Spatial pattern of differences (mm) between gauge-based MRBTs and TRMM-based TCP, annually averaged from 1998 to 2012 from the precipitation data spatially sampled by the lowest rain gauge density between 1920 and 2013 using R0 as the extraction boundary: (a) MRBT1 with no wind correction and (c) MRBT7 with wind correction. (b),(d) Scatterplots show the comparison of annual TCP from MRBT and TRMM. Each dot represents a comparison of the annually aggregated TCP from the gauge-based MRBT7 and TRMM for a single grid.

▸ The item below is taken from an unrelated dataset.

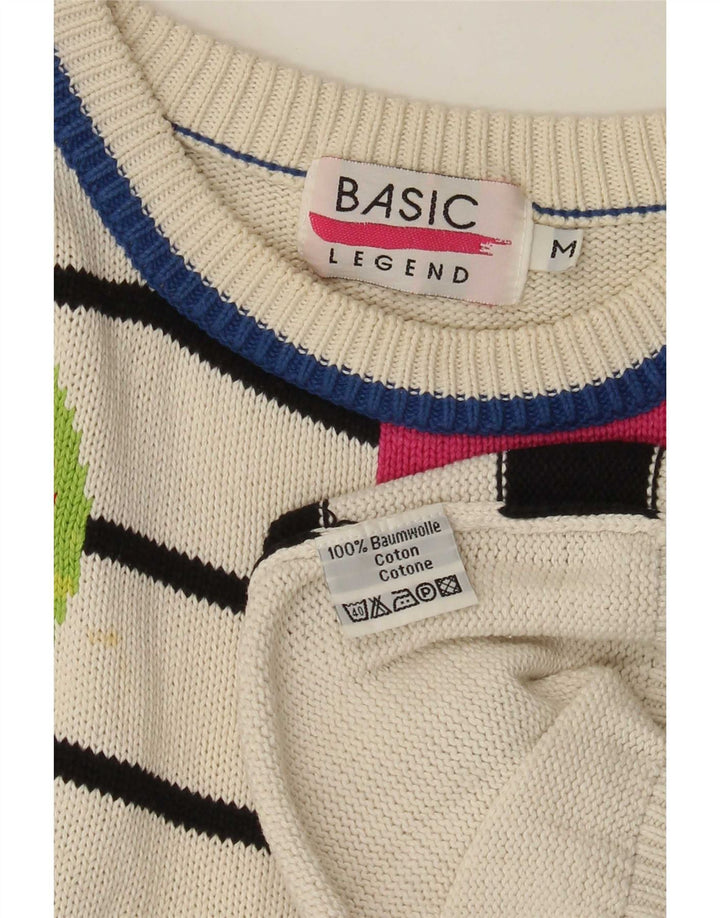 Jersey básico para mujer con cuello barco y palangre, talla 40, talla M, multicolor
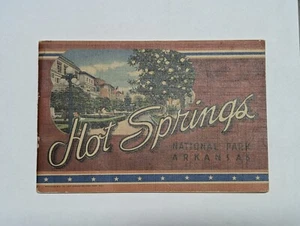 Hot Springs National Park, Arkansas 1944 Vintage Picture Booklet - Bild 1 von 7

MRBT1 and MRBT7 were also compared using data from 1998 to 2012 based on gauges sampled by the 1° boxes of lowest spatial density (Fig. 2e) (low gauge density hereafter) with the extraction boundary defined as R0 (Fig. 5). MRBT1 demonstrates much larger total undercatch when using the low gauge density as compare to the complete rain gauge density (Fig. 4a). Many coastal locations in Fig. 5a have negative errors < −50 mm. Scatterplots clearly show that majority of TRMM grids with >150 mm annual TCP have less TCP than the MRBT1 estimates. This is likely due, in part, to the reduced number of rain gauges. Another reason is that R0 typically has a larger mean spatial coverage than ROCI and so most locations have a larger number of TCP days, and therefore the errors tend to compound. MRBT7 (Fig. 5c) has a similar issue with increased undercatch, but it still performs much better than MRBT1 (Fig. 5a). MRBT7 also has a better agreement in the scatterplot with the TRMM, with a slight improvement of 0.01 in R2 (0.96) as compared to that of MRBT1 (0.95). The locations with the greatest underestimation of TCP are still mostly located in the eastern part of Mexico and coastal areas of the eastern United States.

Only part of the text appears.